The valuation allowance at December 31, 2008, principally applies to certain foreign, state and local loss carryforwards that, in the opinion of management, are more likely than not to expire unutilized. However, to the extent that tax benefits related to these carryforwards are realized in the future, the reduction in the valuation allowance will reduce income tax expense. The year-to-year change in the allowance balance was a decrease of $52 million.

The amount of unrecognized tax benefits at December 31, 2008 determined in accordance with the provisions of FIN 48 increased by $804 million in 2008 to $3,898 million. A reconciliation of the beginning and ending amount of unrecognized tax benefits is as follows:

($ in millions) 2008 2007
Balance at January 1 $3,094 $2,414
Additions based on tax positions related to the current year 1,481 745
Additions for tax positions of prior years 747 195
Reductions for tax positions of prior years (including impacts due to a lapse in statute) (1,209) (144)
Settlements (215) (116)
Balance at December 31 $3,898 $3,094

The additions to the unrecognized tax benefits related to the current and prior years are primarily attributable to various transfer pricing and related valuation matters, certain tax incentives and credits, acquisition-related matters and other non-U.S. and state matters.

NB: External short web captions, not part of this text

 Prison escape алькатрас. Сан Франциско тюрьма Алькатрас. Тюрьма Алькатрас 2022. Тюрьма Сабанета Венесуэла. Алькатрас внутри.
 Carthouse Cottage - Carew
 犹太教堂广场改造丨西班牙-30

The settlements and reductions to the unrecognized tax benefits for tax positions of prior years are primarily attributable to the conclusion of the company’s various U.S. and non-U.S. income tax examinations, the agreement reached with the IRS regarding claims for certain tax incentives, the company’s analysis with respect to certain issues associated with newly published U.S. tax regulations and various non-U.S. matters including impacts due to lapses in statutes of limitation.

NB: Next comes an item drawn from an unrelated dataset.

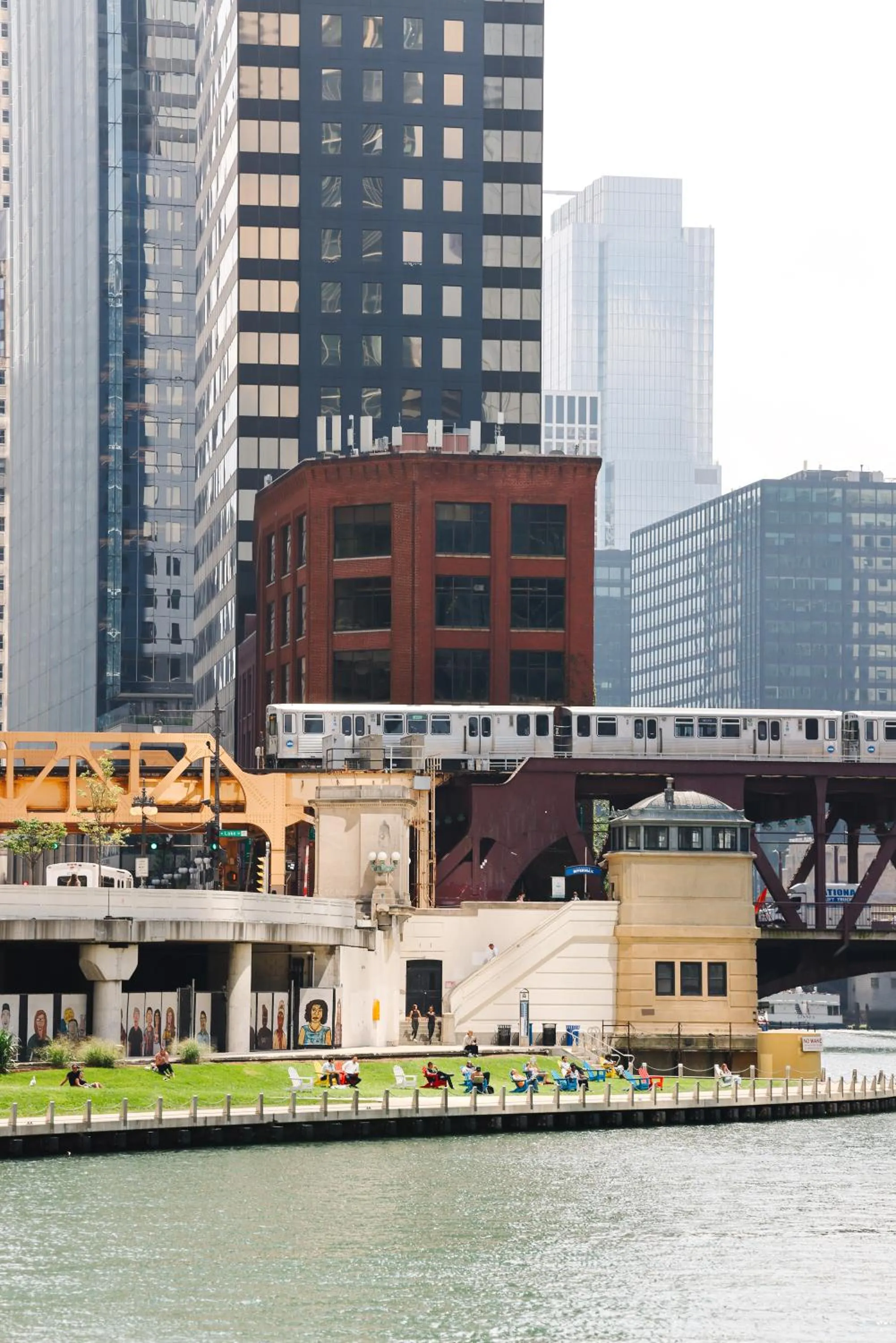 Nearby landmark in voco Chicago Downtown - Riverwalk by IHG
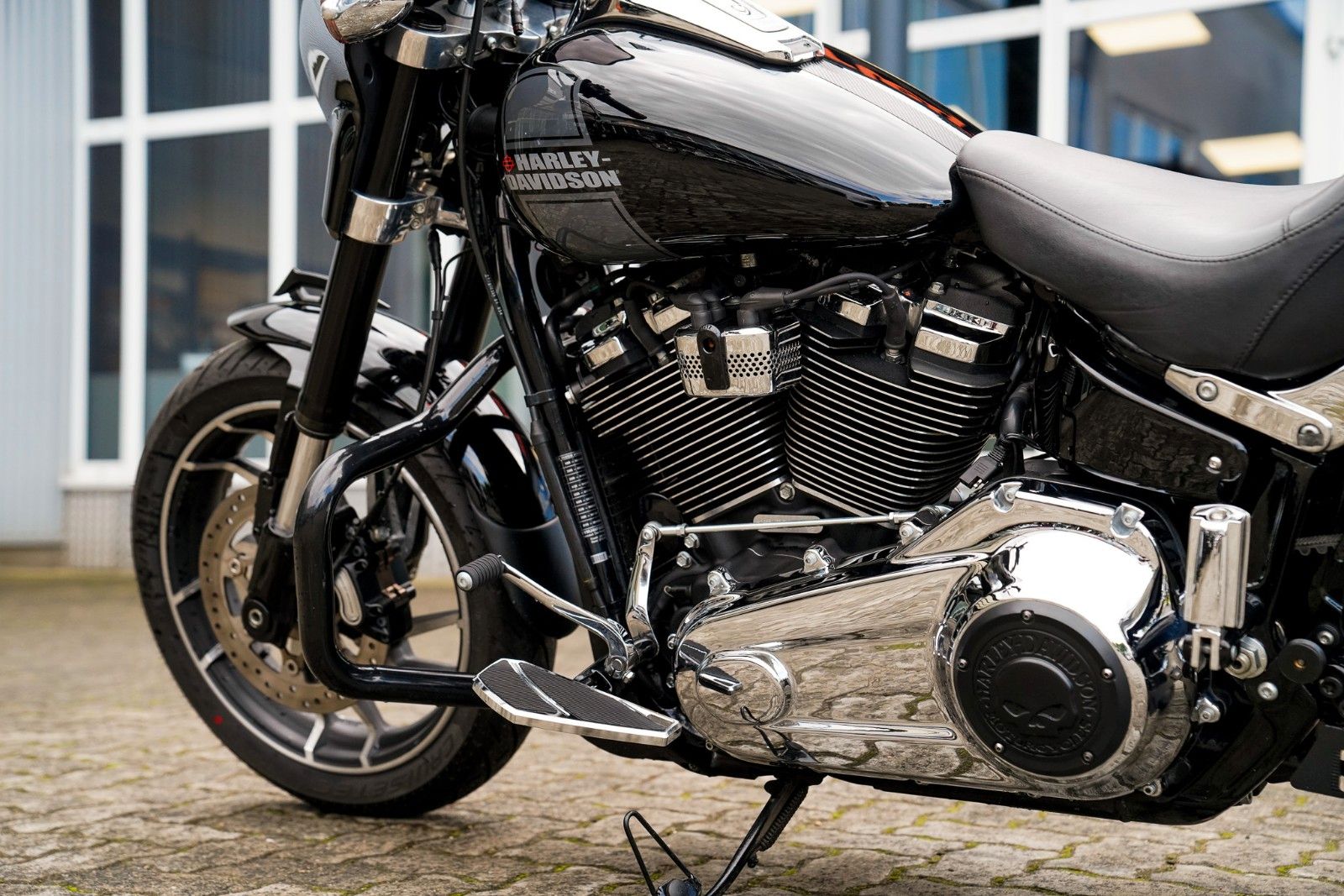 Fahrzeugabbildung Harley-Davidson FLSB Sport Glide 107 cui - Jekill & Hyde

The liability at December 31, 2008 of $3,898 million can be reduced by $532 million of offsetting tax benefits associated with the correlative effects of potential transfer pricing adjustments, state income taxes and timing adjustments. The net amount of $3,366 million, if recognized, would favorably affect the company’s effective tax rate.

Interest and penalties related to income tax liabilities are included in income tax expense. During the year ended December 31, 2008, the company recognized $96 million in interest and penalties; in 2007, the company recognized $85 million in interest and penalties. The company has $286 million for the payment of interest and penalties accrued at December 31, 2008 and had $195 million accrued at December 31, 2007.

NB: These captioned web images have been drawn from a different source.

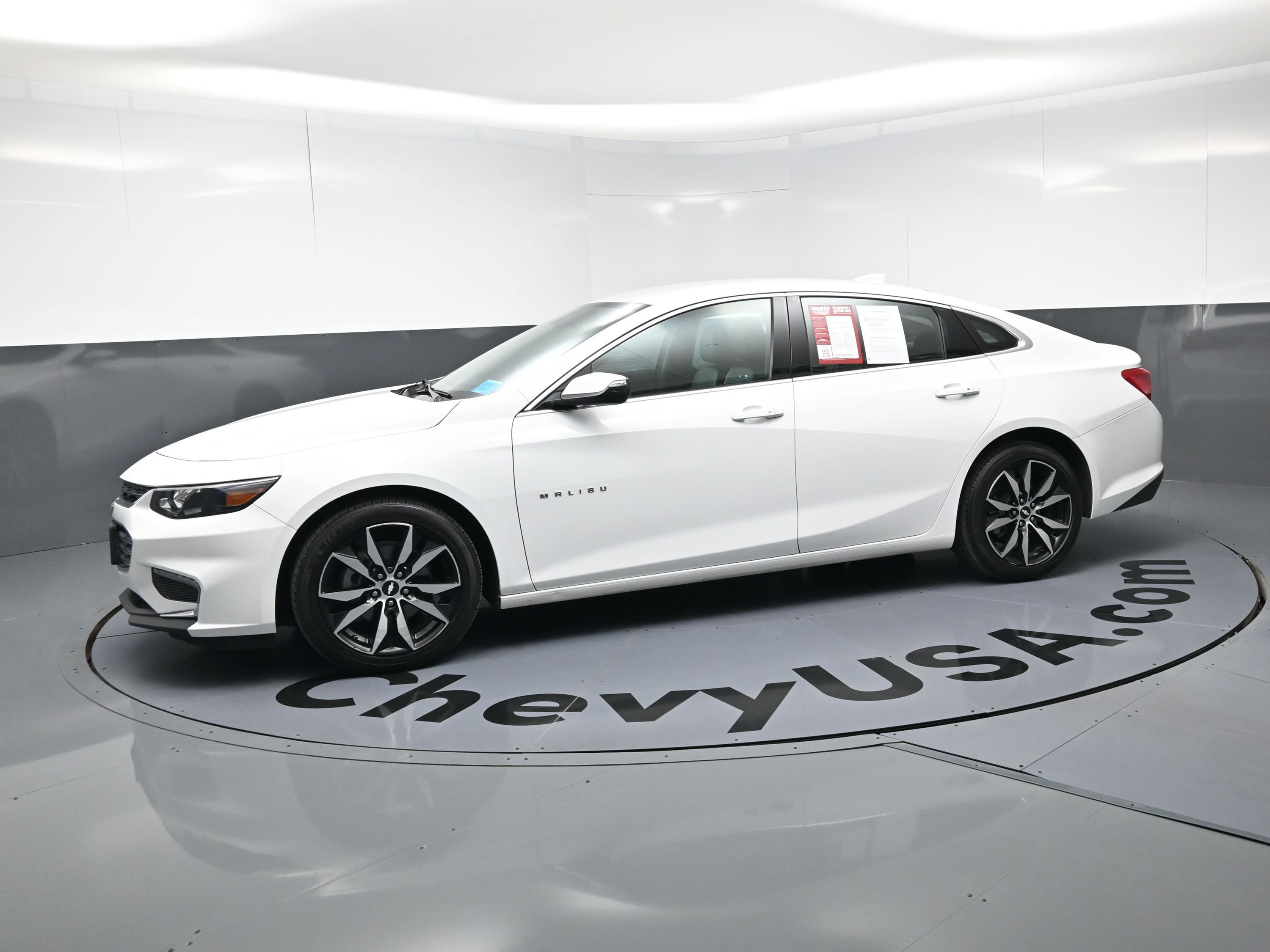 Used 2017 Chevrolet Malibu LT w/ Leather Package FWD image 6
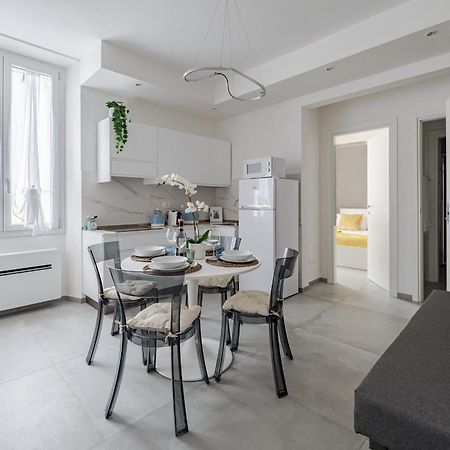 Via Ponte Alle Mosse, 19 - Florence Charming Apartments - A Chic, Newly Renovated Apartment Near Tram Leopolda, A Few Min From Downtown Eksteriør bilde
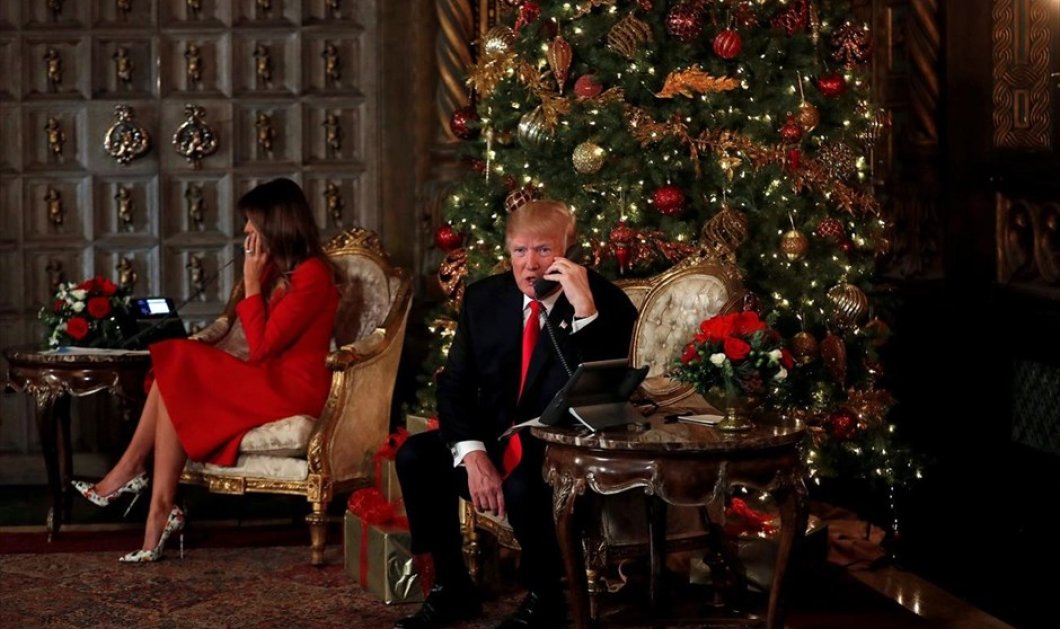 Ο πρόεδρος Τραμπ & η καλλονή Μελάνια πέρασαν τα Χριστούγεννα σε φιλανθρωπική εκδήλωση... μιλώντας στα τηλέφωνα (ΦΩΤΟ) - Κυρίως Φωτογραφία - Gallery - Video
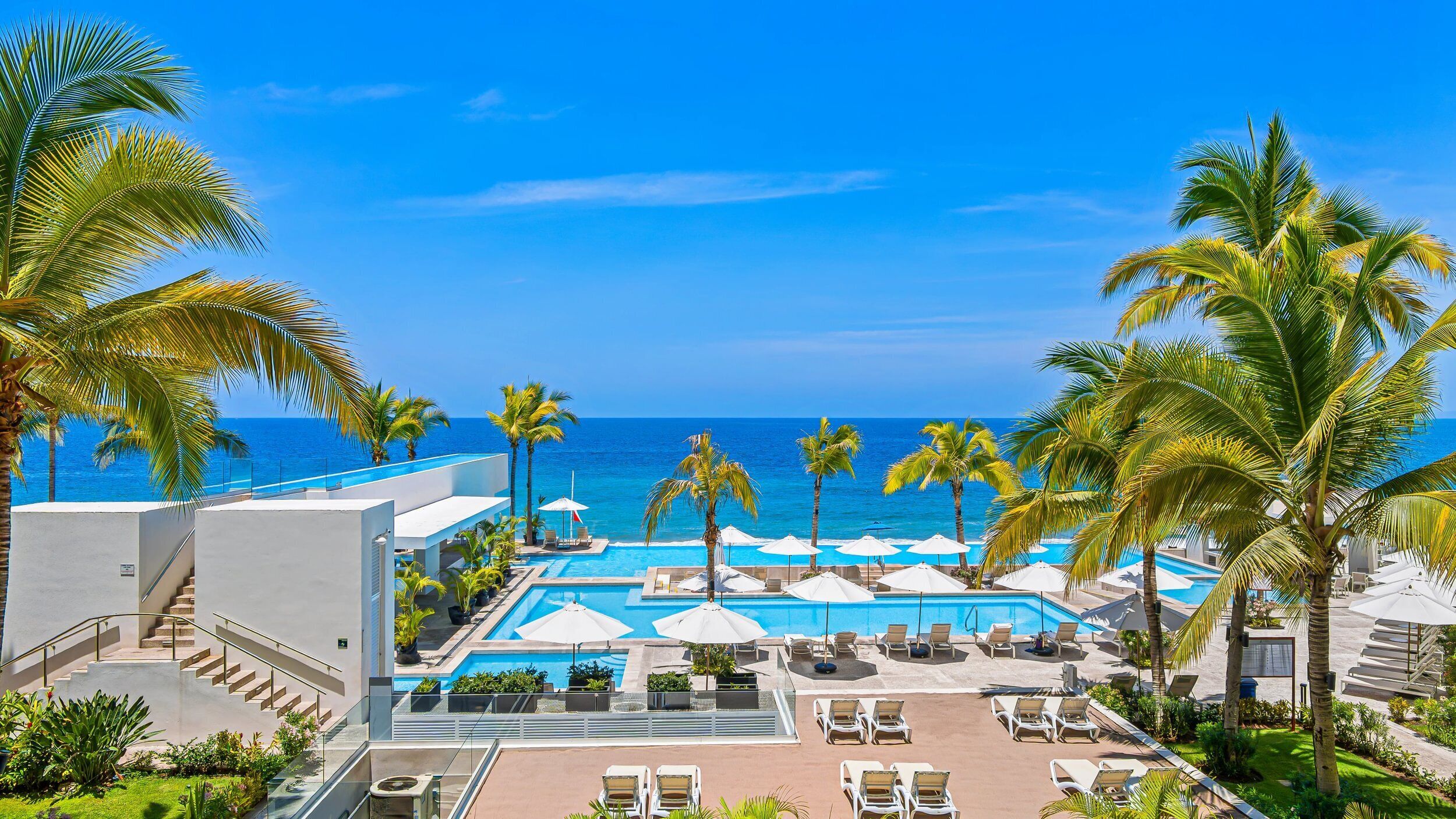 Departamento Confort, 2 camas Queen size, balcón, vista a la playa | Vista del balcón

It is not anticipated that the amount of unrecognized tax benefits reflected as of December 31, 2008 will materially change in the next 12 months; any changes are not expected to have a significant impact on the results of operations, cash flows or the financial position of the company.

With limited exception, the company is no longer subject to U.S. federal, state and local or non-U.S. income tax audits by taxing authorities for years through 2002. The years subsequent to 2002 contain matters that could be subject to differing interpretations of applicable tax laws and regulations as it relates to the amount and/or timing of income, deductions and tax credits. Although the outcome of tax audits is always uncertain, the company believes that adequate amounts of tax and interest have been provided for any adjustments that are expected to result for these years.

It is expected that the audit of the company’s 2006 and 2007 U.S. income tax returns will commence in the first quarter of 2009.

The company has not provided deferred taxes on $21.9 billion of undistributed earnings of non-U.S. subsidiaries at December 31, 2008, as it is the company’s policy to indefinitely reinvest these earnings in non-U.S. operations. However, the company periodically repatriates a portion of these earnings to the extent that it does not incur an additional U.S. tax liability. Quantification of the deferred tax liability, if any, associated with indefinitely reinvested earnings is not practicable.

For additional information on the company’s effective tax rate refer to the “Looking Forward” section of the Management Discussion.